◆ THE DATA
▼
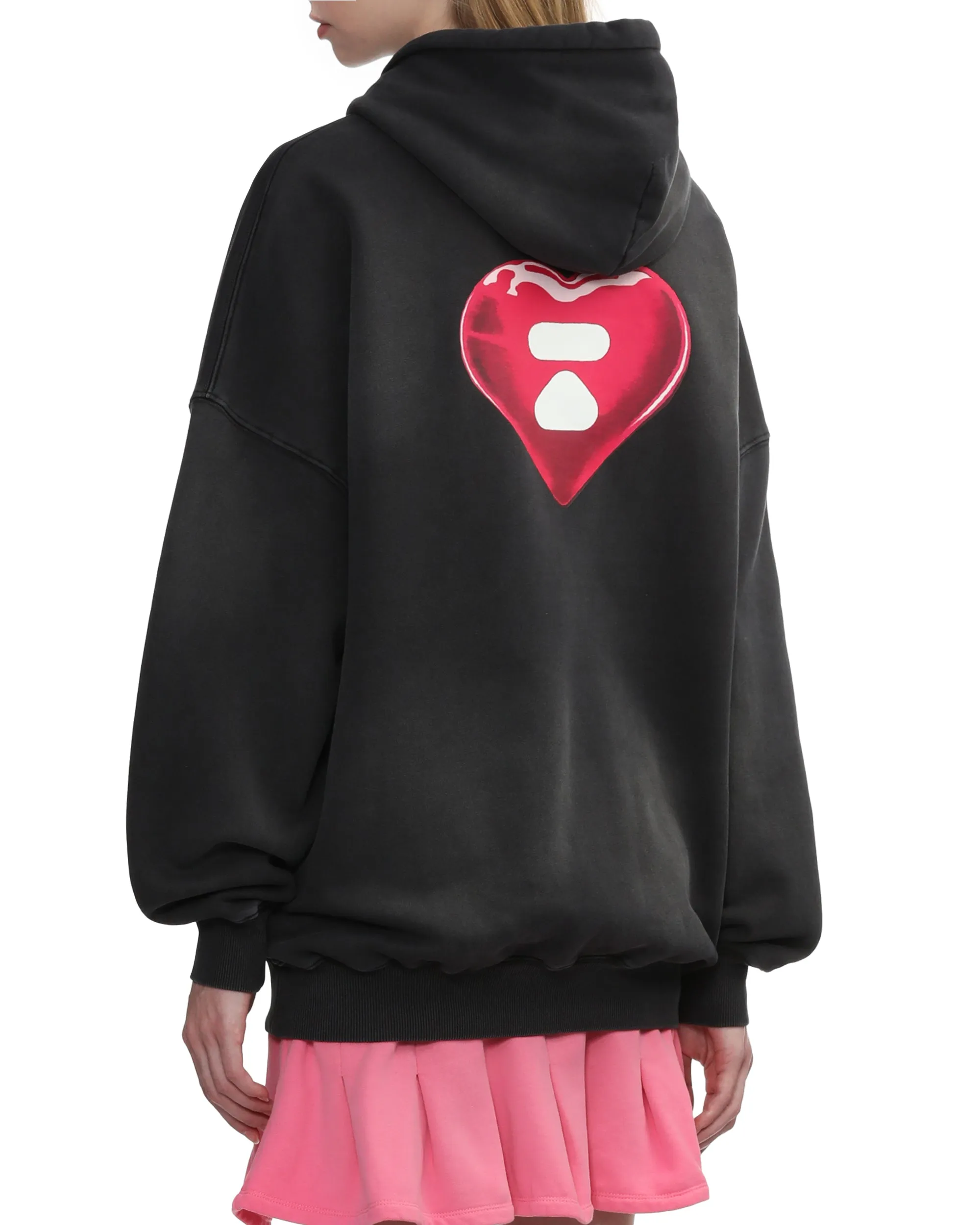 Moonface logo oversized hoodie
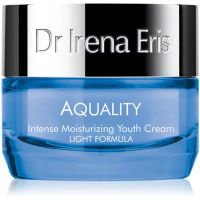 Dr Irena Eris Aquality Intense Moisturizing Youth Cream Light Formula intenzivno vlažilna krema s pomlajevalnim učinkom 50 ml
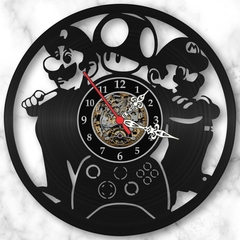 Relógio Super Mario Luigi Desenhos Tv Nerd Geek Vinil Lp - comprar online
▲
◆ WHAT TO DO
The range to set down runs from the line containing "Dr Irena Eris" through the final line of the data, both ends included; give it exactly and drop the pictures.

◆ WRITTEN RESPONSE
 Dr Irena Eris Aquality Intense Moisturizing Youth Cream Light Formula intenzivno vlažilna krema s pomlajevalnim učinkom 50 ml
 Relógio Super Mario Luigi Desenhos Tv Nerd Geek Vinil Lp - comprar online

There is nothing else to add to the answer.